Two issues that are usually important to divorcing couples when they own property of considerable worth are the placement of fair values on their assets and the preservation of family privacy. Aspects of collaborative divorce - a creative, modern alternative to traditional divorce litigation - are conducive to positive resolution of these issues for some families.

What Is Collaborative Law?

In collaborative divorce, the spouses each retain their own attorneys who have been specially trained to guide the parties through extensive face-to-face negotiations. The parties execute a comprehensive participation agreement in which they agree to adhere to some key principles:

  • They commit to resolving their legal issues through negotiation outside of court in a series of four-way meetings with both lawyers participating. If collaboration fails, both must find new attorneys to represent them going forward using another divorce process.
  • The parties commit to conducting themselves with respect and civility.
  • They pledge to be completely transparent and bring to the table all information about financial matters, assets, income and anything else of value they own individually or jointly.
  • Should they need information or advice from professionals, they agree to hire individuals to participate in the process who are neutral, rather than being hired by one spouse or the other. Such professionals typically include financial planners, accountants, appraisers, parenting consultants, divorce coaches (to help with the emotional challenges that arise in the process), mental health professionals and others as the needs of the parties dictate.

The goal is to reach a comprehensive settlement agreement that resolves all divorce issues like property division, spousal support, child custody and support and others. Collaboration allows creative solutions that may not be available in court and can be cheaper if the parties commit to moving through impasses and staying open to the possibility of compromise. In addition, the parties set the schedule, rather than being at the mercy of the court's calendar.

Neutral Professional Evaluators

Wealthy couples may be attracted to collaboration because of the use of neutral professionals to advise them about financial, tax and asset-valuation matters. In litigation, each of them would hire his or her own expert to provide testimony in court about what assets are worth, leaving the final conclusions up to the Washington state court judge who would divide the community property. By contrast, in collaborative law, the spouses agree on neutral experts to retain jointly to assist them in placing value on assets.
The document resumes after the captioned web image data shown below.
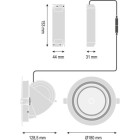 Spot encastré led dn 170 vario 35 w 4000k 3550 lm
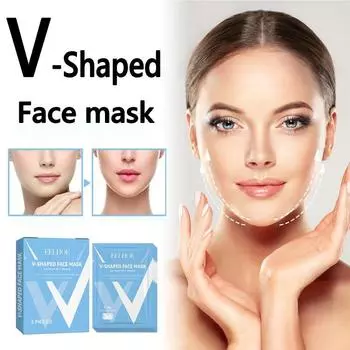 1/5 шт. женская 4D V-образная висячая маска для ушей, маска для лица, подбородка, для похудения, устраняющая отеки, лифтинг-маска 1PCS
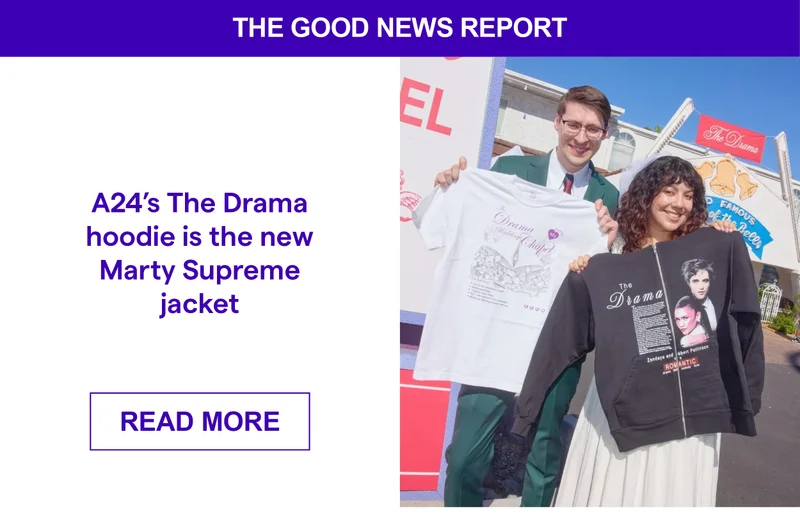 A24’s The Drama hoodie is the new Marty Supreme jacket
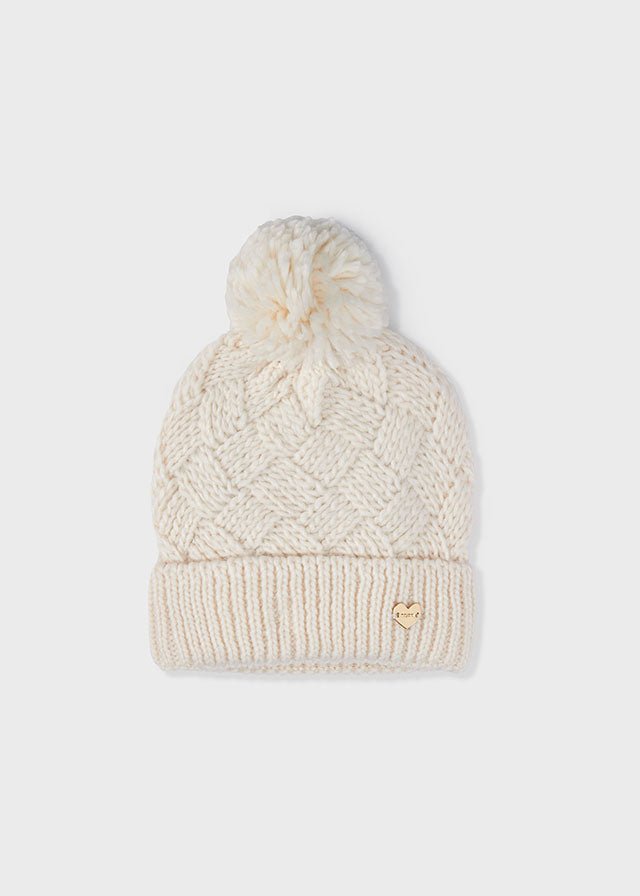 Mayoral Knit Hat, Chickpea - Flying Ryno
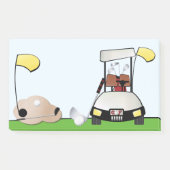Golf - 10 x 6-inch Post-it® notes (Voorkant)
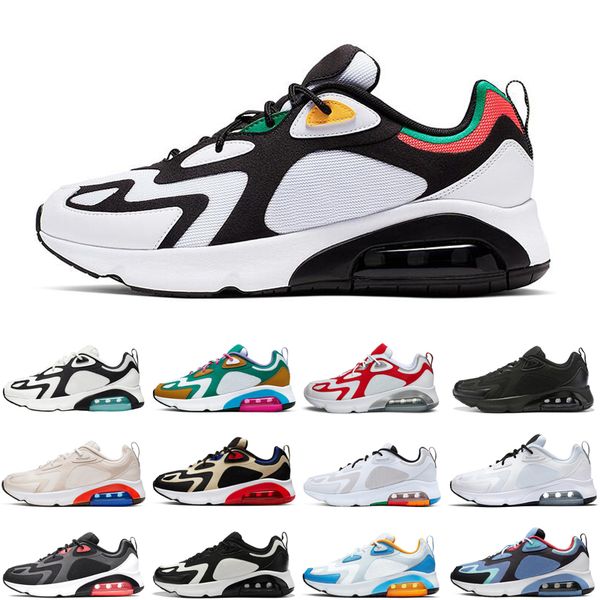 

running shoes 200 men women 200s triple black rasta mystic green university red team gold outdoor mens trainers sports sneakers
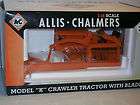 2002 Allis Chalmers A C Model K Crawler Tractor With Blade New in Box 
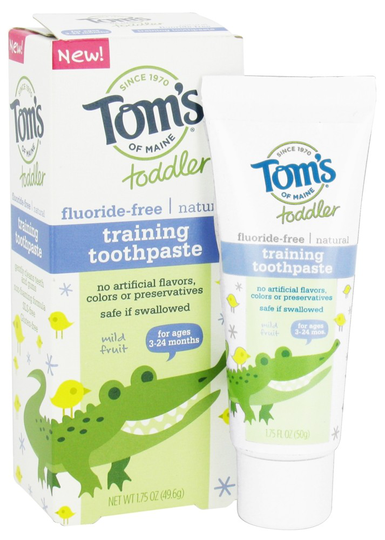 Tom's of Maine - Toddler Fluoride-Free All Natural Training Toothpaste Mild Fruit - 1.75 oz.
Specialized evaluators and appraisers can be hired if needed. For example, valuation may be more difficult in sophisticated assets like securities, professional practices, business interests, executive perks and benefits, antiques, expensive boats and cars, collectibles and other similar items.

Confidentiality

An important pillar of the collaborative process is that the parties promise in their participation agreement to keep the process and everything that happens during collaborative meetings confidential. Some people with considerable assets, who are socially prominent in the community, who own businesses or professional practices, or who hold executive positions at work have understandable interests in keeping the details of their family lives and financial interests private. Privacy is less likely should a divorce end up in court, however.

Seek Legal Counsel

Anyone facing divorce should speak with an experienced family lawyer to thoroughly consider whether collaboration is likely to be a good choice for going forward or whether another divorce process could be better for the particular circumstances the spouse faces. For example, if a spouse has any doubt that the other party will be honest about financial matters in collaboration, formal court processes may make more sense.

Other processes to explore include mediation, traditional negotiation or even a traditional courtroom divorce trial, in some situations.